**Activity:** Restate the data word for word. Leave the pictures out.

::: Provided material

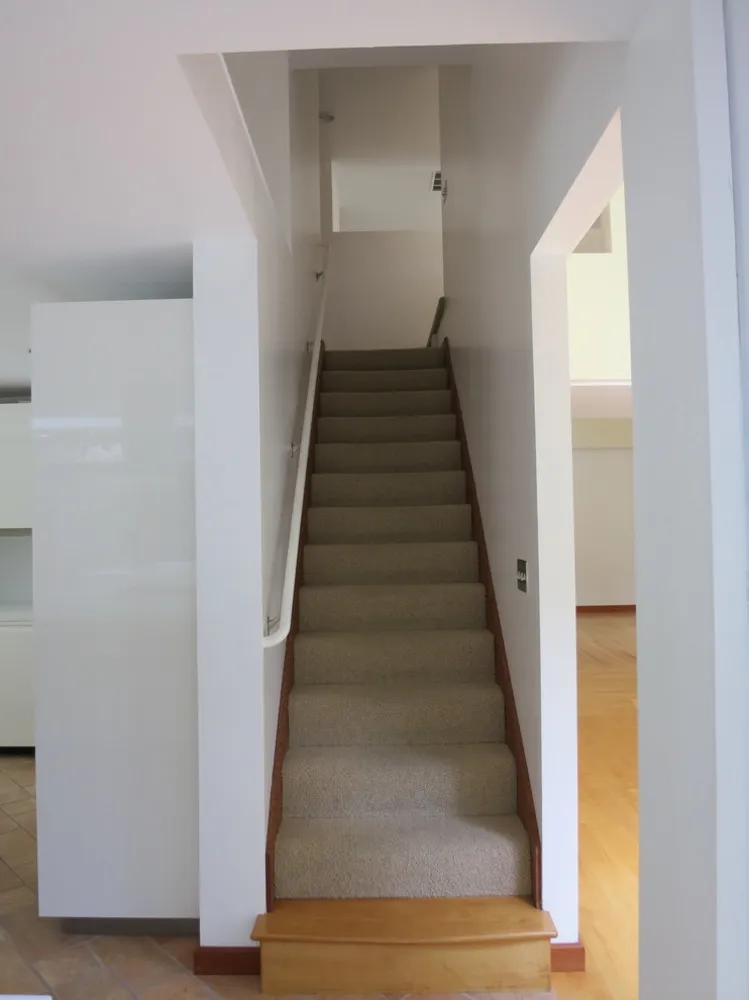 Artful Remodel uudistaa Po-Mo-kodin modernilla estetiikalla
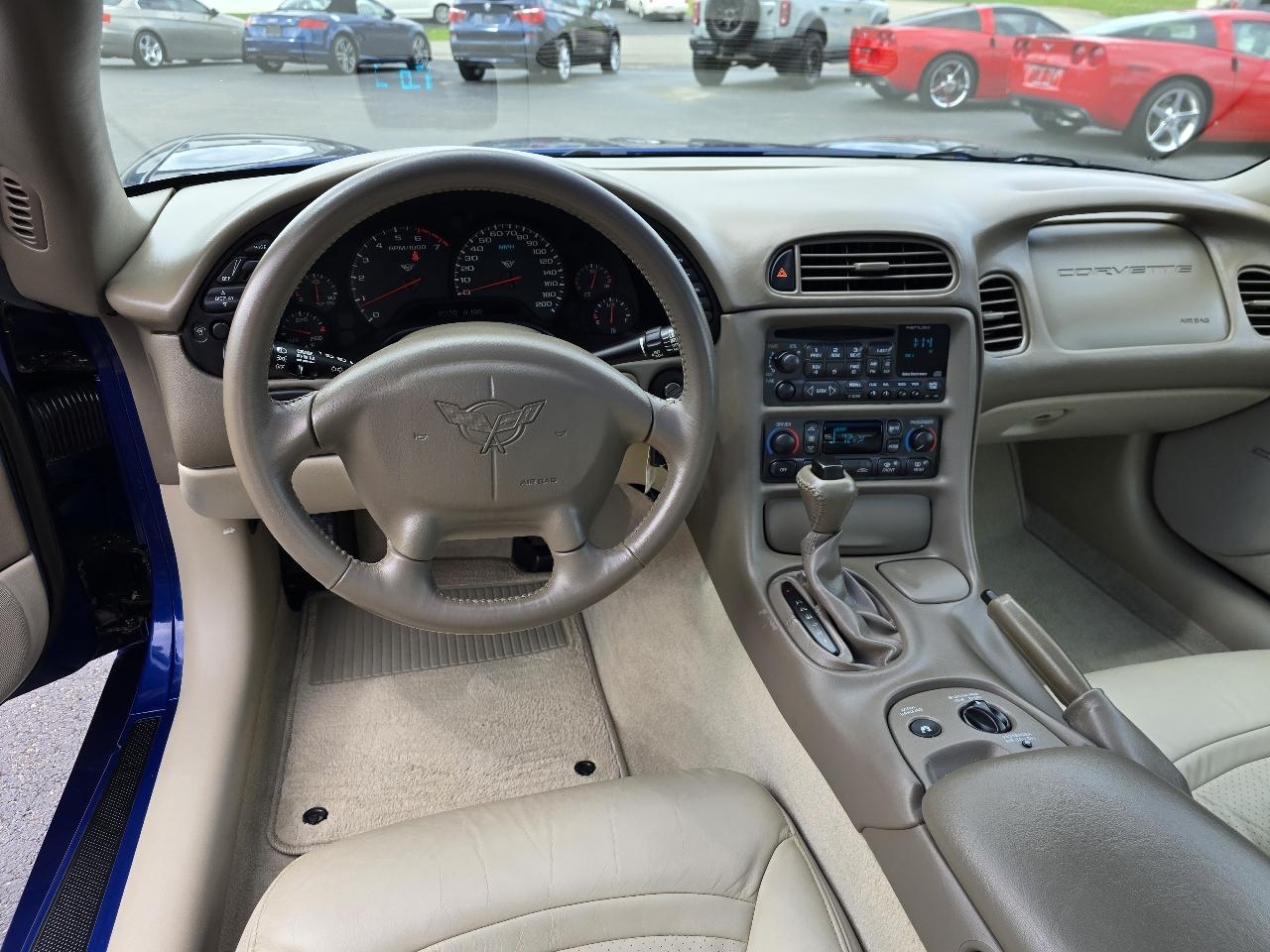 Chevrolet Corvette Coupe 2004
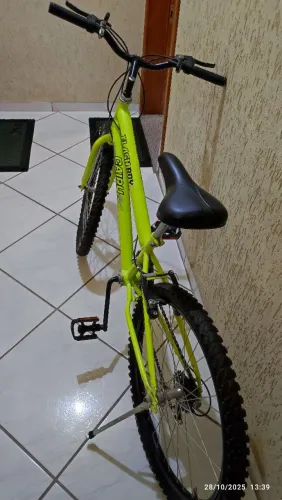 Bicicleta Semi nova aro 24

::::::

**Reply:**
 Artful Remodel uudistaa Po-Mo-kodin modernilla estetiikalla
 Chevrolet Corvette Coupe 2004
 Bicicleta Semi nova aro 24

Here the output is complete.